In these two verses the psalmist prays to God to deliver him from death; there is no obvious connection between this petition and the glad cry of praise for God’s help in verses 11-12. From here to the end of Psalm 10 the composition has the form of a lament by an individual.
Be gracious: see comments on 4.1.
What I suffer translates a word that is used also in verse 12, there translated “the afflicted.”
“My enemies” (Good News Translation) is literally those who hate me (Revised Standard Version); the same verb is used in 5.5. Instead of the verb meaning “to hate,” one Hebrew manuscript has the verb for “to lift up”; so New English Bible “… look upon my affliction, thou who hast lifted me up….”
Good News Translation has translated verse 13c as a plea, “Rescue me” (so Dahood, who comments that the participle “apparently has the force of an imperative”; also Biblia Dios Habla Hoy, New Jerusalem Bible, New International Version). Such interpretation fits better with the following verse, “in order that…,” as a consequence of the action requested. Most translations, however, take it as a participial phrase descriptive of Yahweh as “you who rescue me from death.” Bible de Jérusalem translates as a statement, “You rescue me.”

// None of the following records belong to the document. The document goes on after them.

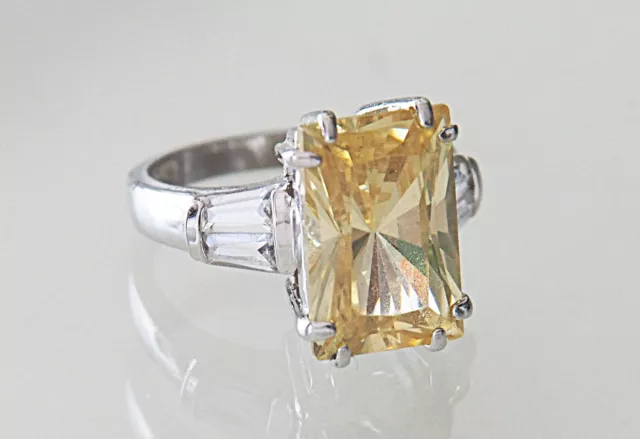 Charles Winston Canary CZ Sterling Silver Ring Size 7.5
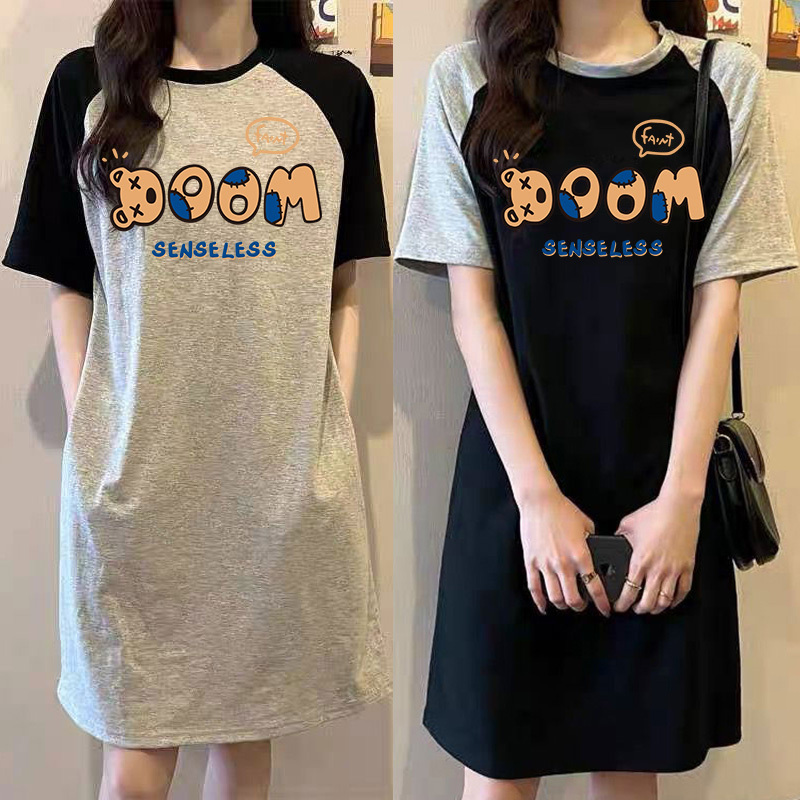 Dress 2026 New Style Women's Pure Cotton Loose Short-Sleeved Mid-Length T-Shirt Plus Size Color-Blocking Petite Nightdress Summer Dress 2026 New Style Women's Pure Cotton Loose Short-Sleeved Mid-Length T-Shirt Plus Size Color-Blocking Petite Nightdress Summer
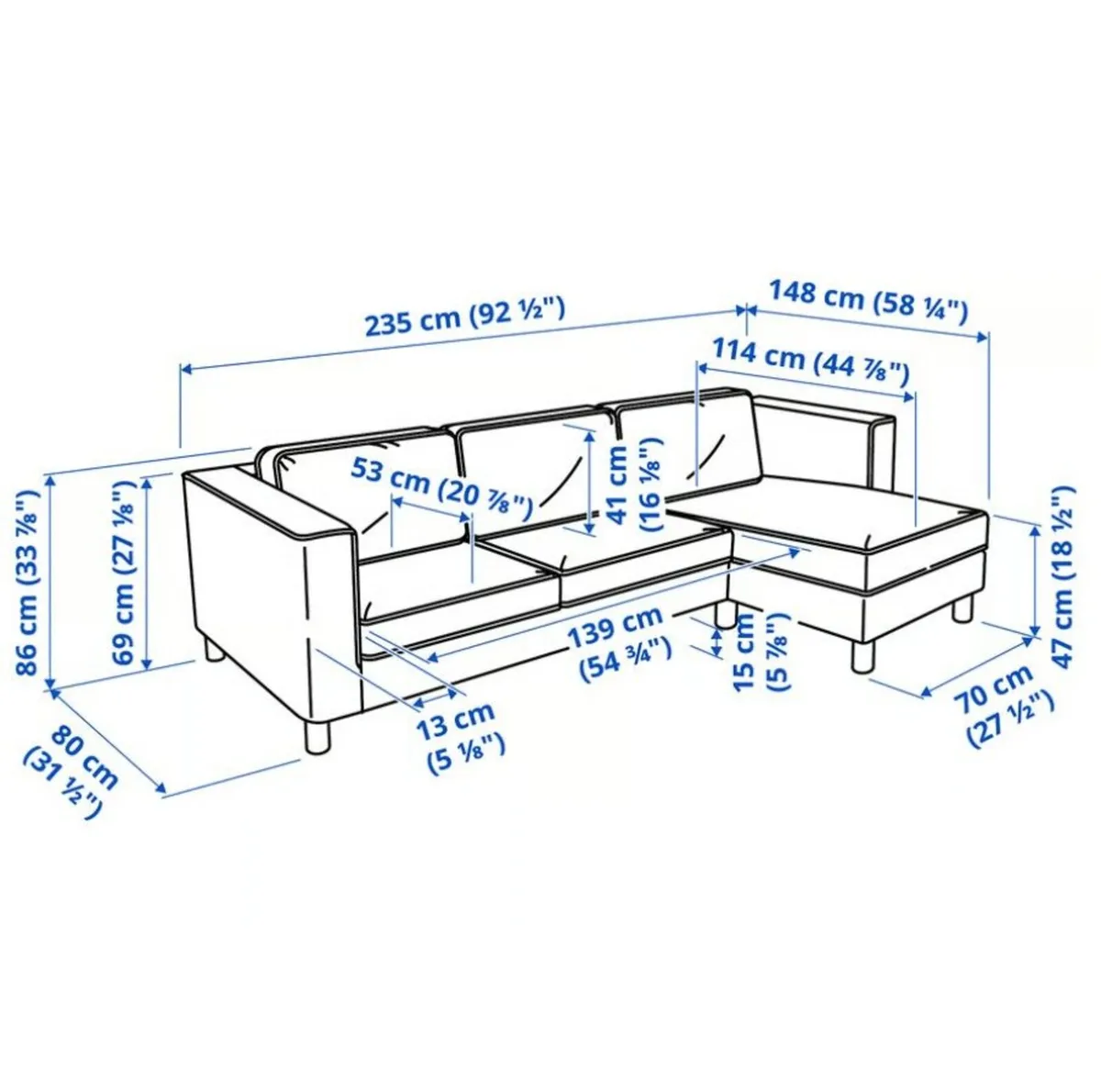 IKEA PÄRUP 3-seat Sofa with Chaise Longue - Image 4
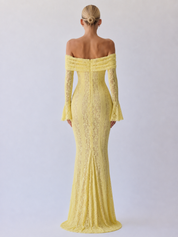 Fleur | Maxikleid mit Spitzenbesatz und schulterfreiem Schnitt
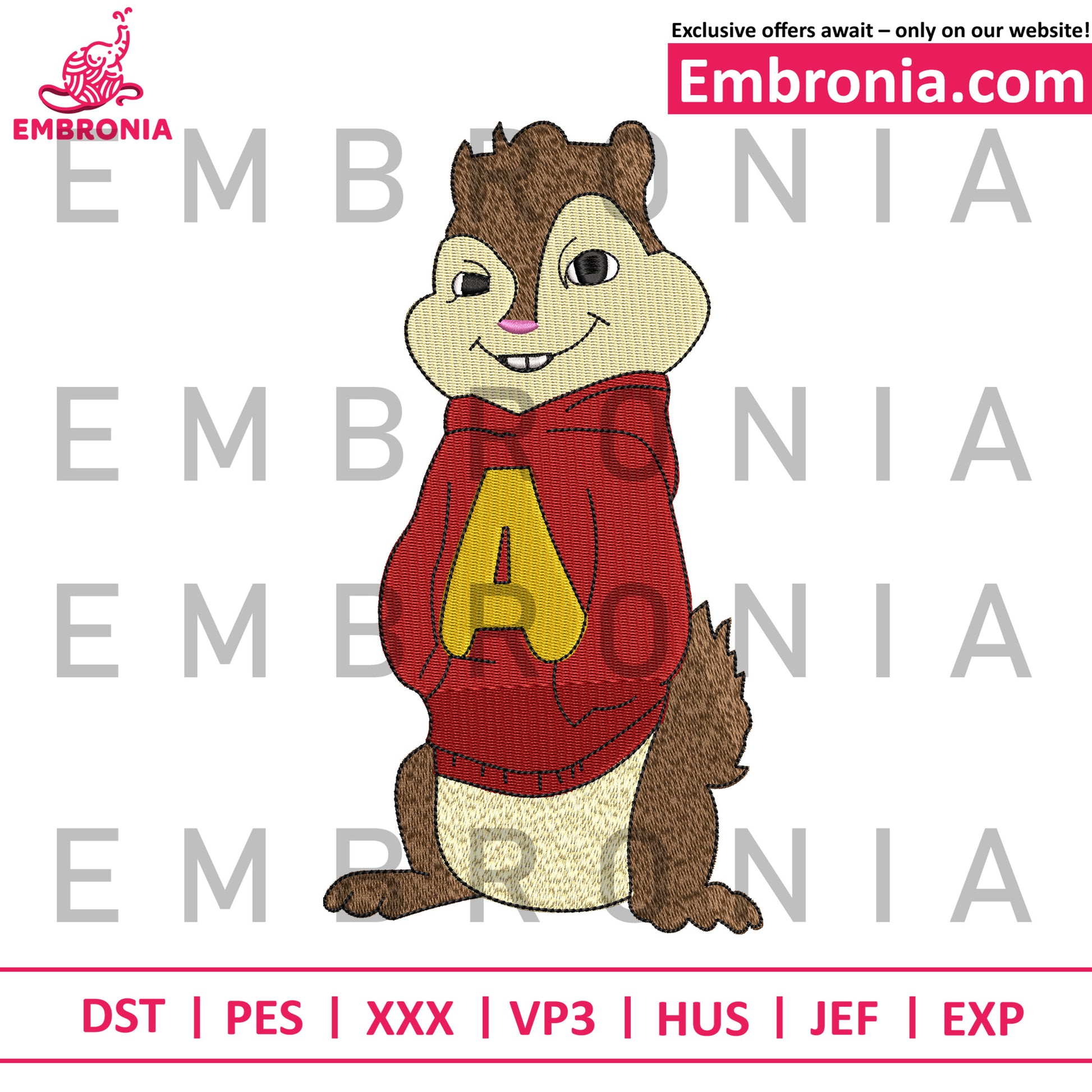 Alvin chipmunk embroidery
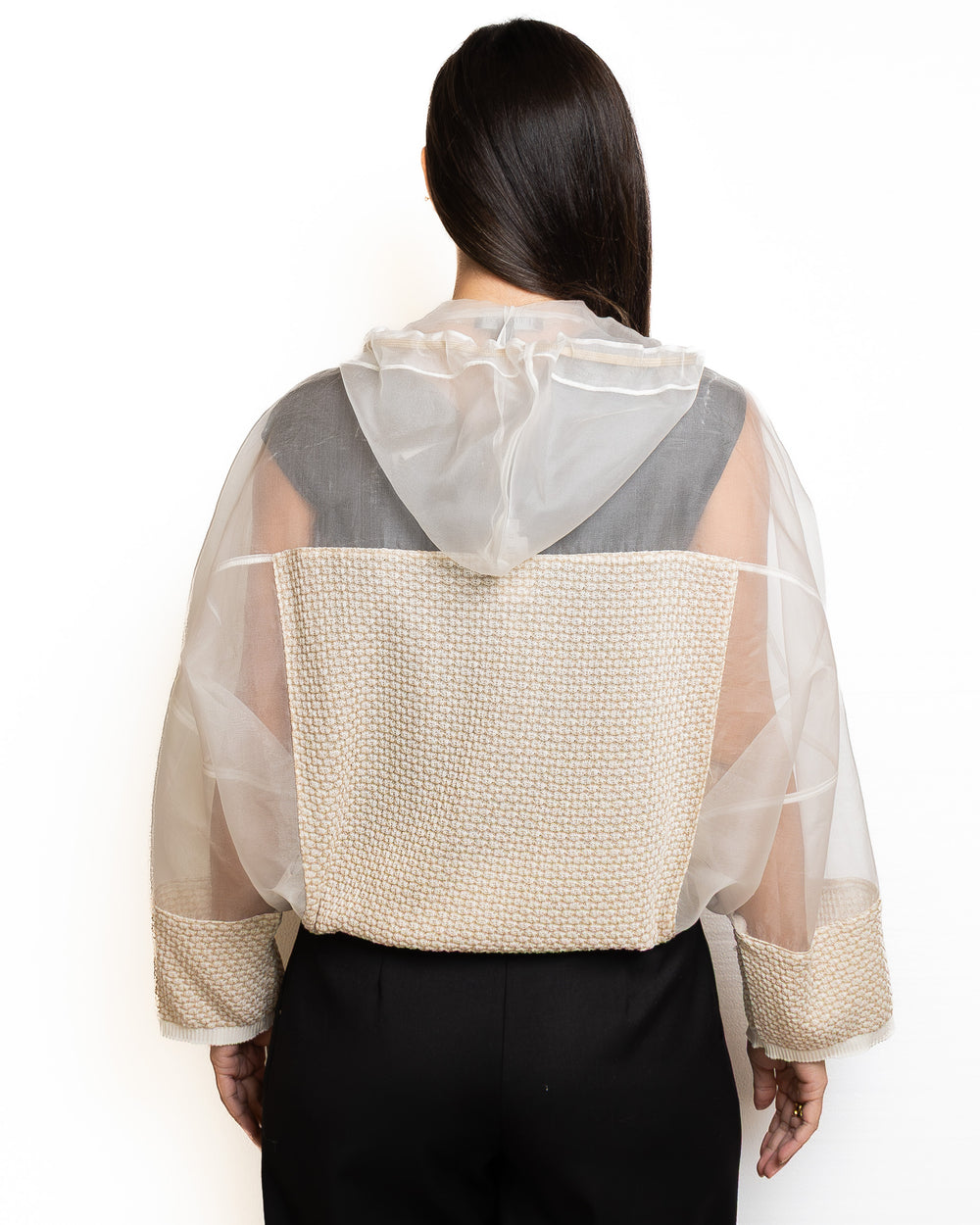 Silk-Blend Jacket in Sand by Tricot Chic - view 2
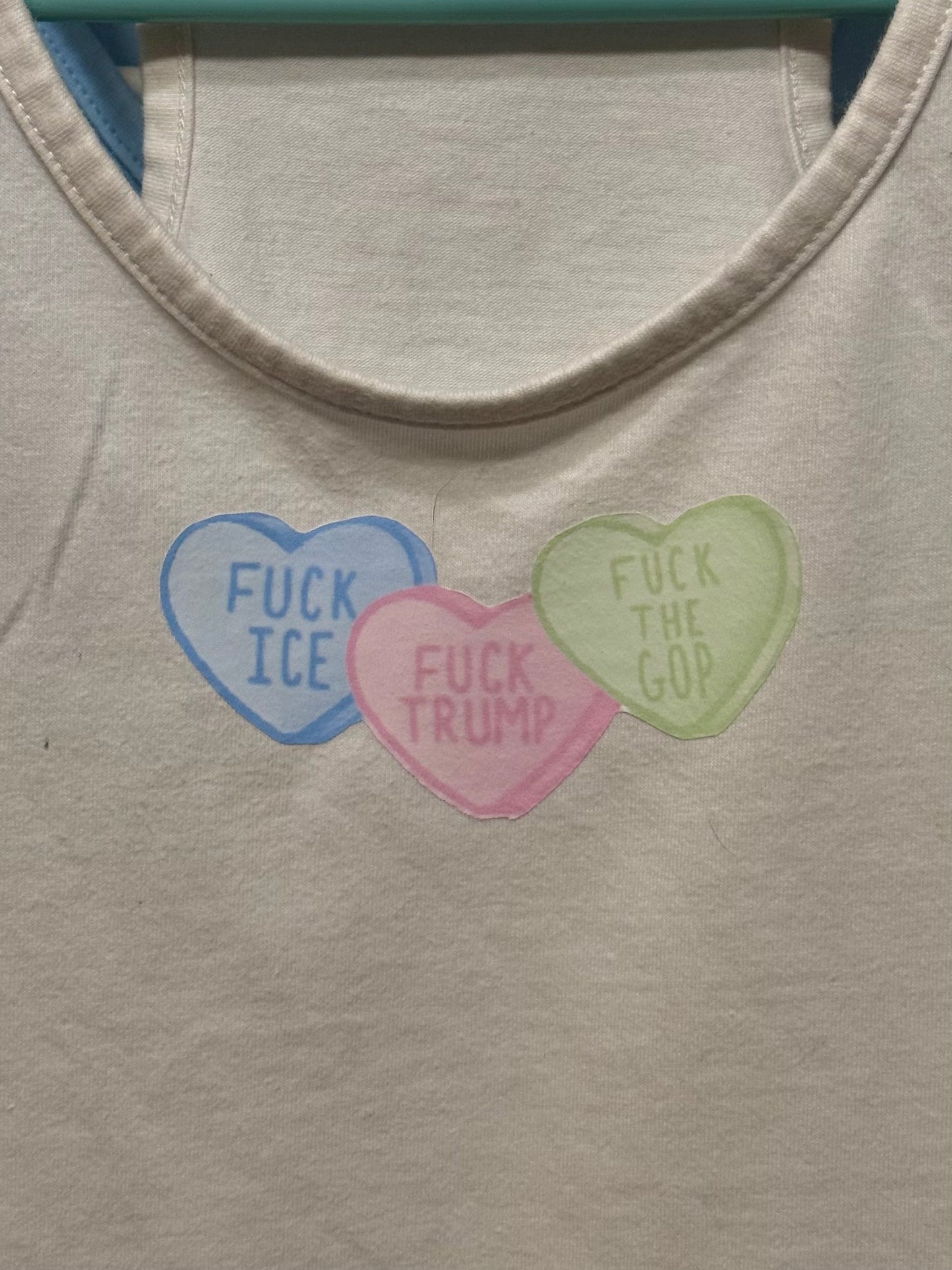 Candy Heart Racerback Cropped Tanks - WOMENS SMALL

The gates of death is a figurative phrase for the world of the dead, Sheol, as a city with gates (see Job 38.17; Psa 107.18; Isa 38.10; Matt 16.18); for “Sheol” see comments on 6.5. The gates of death must usually be replaced by a nonmetaphor meaning simply “death,” as in Good News Translation. “To lift up from the gates of death” means to save from death, to prevent the person from dying. As elsewhere, this refers to premature death, to sudden, unexpected death caused by disease or enemies.
In verse 14 the psalmist expresses his desire to recount all thy praises … in the gates of the daughter of Zion (“stand before the people of Jerusalem and tell them,” Good News Translation).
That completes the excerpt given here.